#### Task goal
Look through the data below for the line with "New Home Wreath" and the line with "100-500pcs Cute Animal", then transcribe exactly from the first through the second, leaving out all pictures.

====== Task material

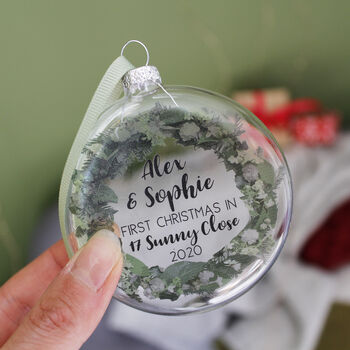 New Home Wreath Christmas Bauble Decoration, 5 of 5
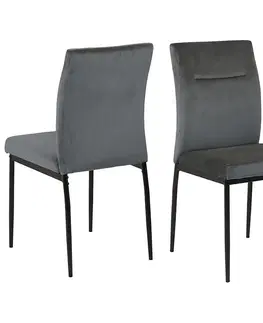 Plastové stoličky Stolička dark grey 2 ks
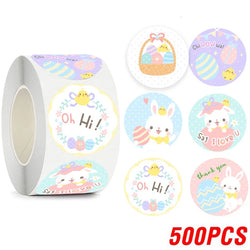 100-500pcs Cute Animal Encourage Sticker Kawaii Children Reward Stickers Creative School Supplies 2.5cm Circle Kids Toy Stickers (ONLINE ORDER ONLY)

============
====== Task material

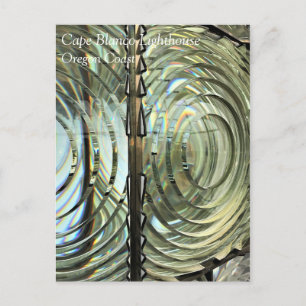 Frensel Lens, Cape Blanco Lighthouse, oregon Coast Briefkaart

============

#### Finished exercise
 New Home Wreath Christmas Bauble Decoration, 5 of 5
 Plastové stoličky Stolička dark grey 2 ks
 100-500pcs Cute Animal Encourage Sticker Kawaii Children Reward Stickers Creative School Supplies 2.5cm Circle Kids Toy Stickers (ONLINE ORDER ONLY)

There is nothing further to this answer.